Kuriyama et al. Reported on the optical band gap of Zn ₃ N ₂ thin films (Kuriyama et al., Th.
e American Physical Society, PYSICASL REVIEW B, 48
(4) 2781 (1993)). Kuriyama et al., Zn ₃ by a direct nitriding method
An N ₂ thin film was formed and confirmed to be Zn ₃ N ₂ by X-ray diffraction (XD) and Rutherford's light scattering spectrum (RBS). In the direct nitriding method used by Kuriyama et al., A zinc thin film is formed on a substrate, and then the substrate is heated while blowing ammonia gas (NH ₃ ) in a nitrogen atmosphere,
In this method, a zinc thin film formed on a substrate is annealed at 410 ° C. for 4 hours to obtain a Zn ₃ N ₂ thin film. Therefore, as the substrate, a metal plate having a high heat resistance, a quartz plate, a heat-resistant glass plate or the like is used.

[0006]

However, the film-forming method of Kuriyama et al. Has a problem that the material of the substrate is limited because the film is formed at a high temperature and the application range of the application is limited. It was Furthermore, in the reactive high frequency ion plating method used by Takai, an amorphous material is used.
Only the film of can be produced.

Further, in any of the above film forming methods, only a thin film of a single compound can be formed, and only a single Eg can be obtained. Therefore, it was impossible to use this thin film alone as a semiconductor. As a semiconductor material, a III-V group, such as a GnN-InN thin film, whose Eg can be controlled from 2.0 to 6.0 eV is generally used, but a III-V group compound is expensive and its use is limited. There was a problem that it would end up. Further, when Eg is 2.0, visible light cannot be completely blocked, and therefore a black film cannot be formed on the substrate.

Further, in the above film forming method, only a single compound thin film can be formed on the substrate. In general, thin films of IVN group TiN, ZrN, HfN, and similar compounds are known as a decorative material for substrates, but there is a problem that their applications are limited because they are expensive. .

The present invention has been made in view of the above-mentioned conventional problems, and an object thereof is to form a composite thin film composed of a compound having a desired band gap or color, and a thin film on a substrate at a low temperature and to obtain a desired band. It is an object of the present invention to provide a thin film forming method for forming a thin film made of a compound having a gap or a color.

[0010]

In order to achieve the above object, the composite thin film of the present invention is composed of a nitrogen compound and an oxygen compound. Therefore, a thin film of a compound having a desired bandgap and color can be formed depending on the composition ratio of the nitrogen compound and the oxygen compound.

In the composite thin film of the present invention, the nitrogen compound is zinc nitride and the oxygen compound is zinc oxide. Therefore, it is possible to form a thin film of a compound having a desired band gap and color as described above by simply changing the mixing ratio of zinc nitride and zinc oxide using zinc that is abundant in terms of resources and is inexpensive.

Further, in the thin film forming method of the present invention, a nitrogen compound thin film or a thin film composed of a nitrogen compound and an oxygen compound is formed by a sputtering method using at least one plasma gas of nitrogen, oxygen and argon. Therefore,
A nitrogen compound thin film or a thin film composed of a nitrogen compound and an oxygen compound can be formed by arbitrarily selecting the plasma gas. Further, in the sputtering method, it is easy to introduce the plasma gas into the processing system while changing the plasma gas to a desired ratio. Therefore, by changing the mixing ratio of the mixed plasma gas of nitrogen and oxygen, the desired optical band similar to the above can be obtained. A thin film of a compound having gap energy and color can be formed on a substrate. In addition, since the sputtering method allows low-temperature film formation and large-area film formation, the material of the substrate on which the film is formed is not restricted as in the past and can be used immediately industrially. There is an advantage that it is a possible film forming method.

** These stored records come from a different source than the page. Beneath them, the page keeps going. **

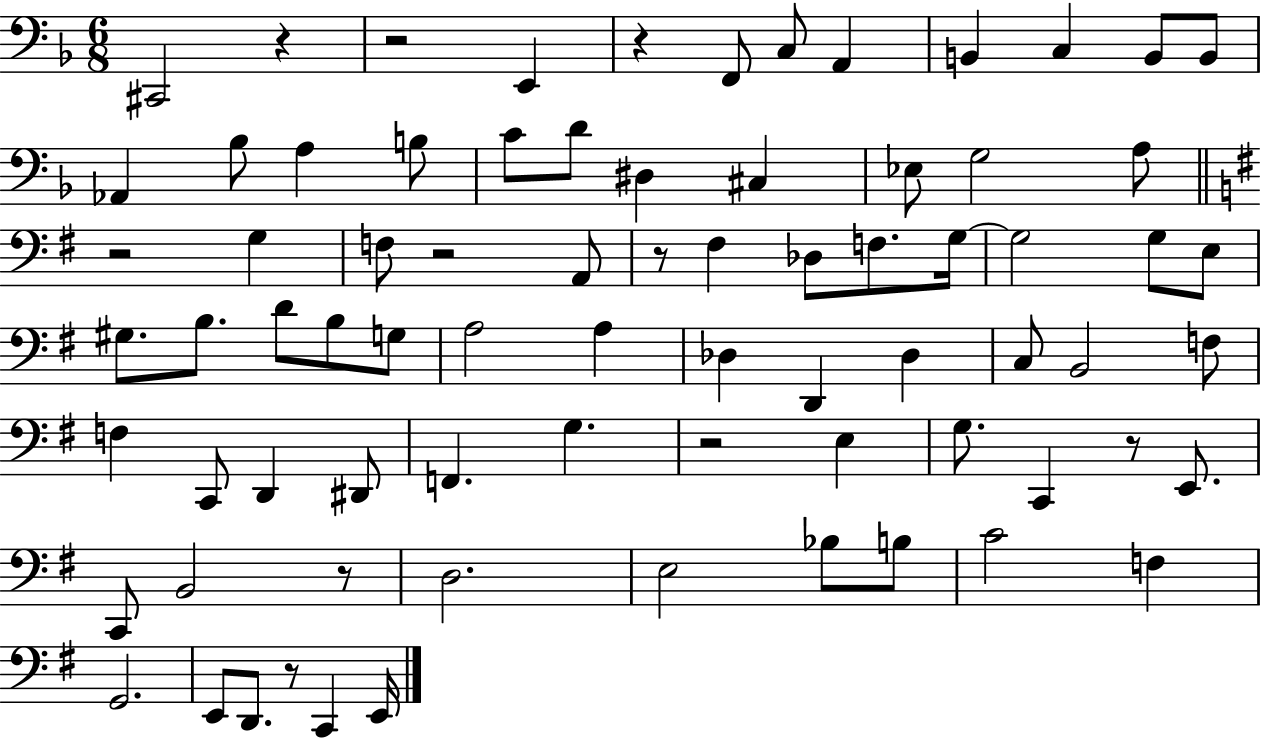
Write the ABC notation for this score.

X:1
T:Untitled
M:6/8
L:1/4
K:F
^C,,2 z z2 E,, z F,,/2 C,/2 A,, B,, C, B,,/2 B,,/2 _A,, _B,/2 A, B,/2 C/2 D/2 ^D, ^C, _E,/2 G,2 A,/2 z2 G, F,/2 z2 A,,/2 z/2 ^F, _D,/2 F,/2 G,/4 G,2 G,/2 E,/2 ^G,/2 B,/2 D/2 B,/2 G,/2 A,2 A, _D, D,, _D, C,/2 B,,2 F,/2 F, C,,/2 D,, ^D,,/2 F,, G, z2 E, G,/2 C,, z/2 E,,/2 C,,/2 B,,2 z/2 D,2 E,2 _B,/2 B,/2 C2 F, G,,2 E,,/2 D,,/2 z/2 C,, E,,/4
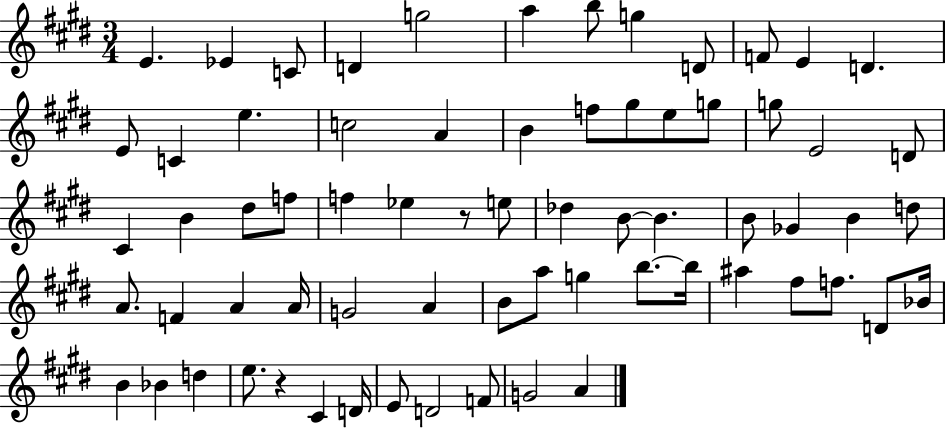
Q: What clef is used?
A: treble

In the thin film forming method of the present invention, the nitrogen compound is zinc nitride and the oxygen compound is zinc oxide. Therefore, by changing the mixing ratio of the two gases in the mixed plasma gas of nitrogen and oxygen,
It is possible to form a thin film of a compound having a desired band gap and color by changing the mixing ratio of zinc nitride and zinc oxide by using zinc which is abundant in resources and inexpensive.

[0014]

BEST MODE FOR CARRYING OUT THE INVENTION The composite thin film of the present invention is composed of a nitrogen compound and an oxygen compound, preferably the nitrogen compound is zinc nitride (Zn ₃ N ₂ ) and the oxygen compound is zinc oxide (ZnO). . When the composite thin film of the present invention is composed of zinc nitride (Zn ₃ N ₂ ) and zinc oxide (ZnO), the optical bandgap energy Eg of the composite thin film is changed according to the film composition ratio of zinc nitride and zinc oxide. (Hereinafter "E
“G”) is in the range of 1.2 eV to 3.2 eV. Incidentally, the Eg of zinc nitride is usually 1.2 eV, and the Eg of zinc oxide is 3.2 eV. Furthermore, as the film composition ratio of zinc oxide to zinc nitride increases, the color of the thin film changes from black to reddish brown to red to orange to yellow to transparent.

Therefore, the composite thin film of the present invention has an Eg of 1.
Since it can be controlled within the range of 2 eV to 3.2 eV, it can be used as a semiconductor material for optoelectronics, such as solar cells, light emitting elements (EL, PL), switching elements, rectifying elements, and the like. Furthermore, since the color of the thin film can be changed by changing the film composition ratio of zinc nitride and zinc oxide as described above, it can be applied to optically functional glass, such as selective transparent film and black film (CF, visible light absorbing film). It can be applied as a decorative material.

The thickness of the composite thin film of the present invention is 0.0
5 to 1 μm is preferable, and 0.1 to 0.5 is more preferable.
μm. When the thickness of the composite thin film is less than 0.05 μm, transparency is obtained, but there is a disadvantage that the color is more difficult to recognize as the absorption becomes insufficient and the color becomes lighter. On the other hand, when the thickness exceeds 1 μm. Has the disadvantage that fine cracks are likely to occur and the transparency is impaired, and that if the substrate is a resin film, problems occur in the physical properties (adhesion, bending, etc.).

In the thin film forming method of the present invention, a thin film of a nitrogen compound or a thin film of a nitrogen compound and an oxygen compound, preferably a nitride film, is formed by a sputtering method using at least one plasma gas of nitrogen, oxygen and argon. It is a method of forming a zinc thin film or a thin film composed of zinc nitride and zinc oxide.

The thin film forming method of the present invention will be described below.

The thin film forming method of the present invention uses the sputtering method as described above, but the sputtering method which can be used in the present invention is roughly classified into a plasma method and a beam method. Examples of the plasma method include a high frequency sputtering method (for example, the bipolar sputtering method shown in FIG. 1), a high frequency magnetron sputtering method (the method shown in FIG. 2), a reactive sputtering method, and the like, and a beam method includes an ion beam sputtering method. Law etc. are mentioned. 1 and 2, DC means direct current and RF means high frequency.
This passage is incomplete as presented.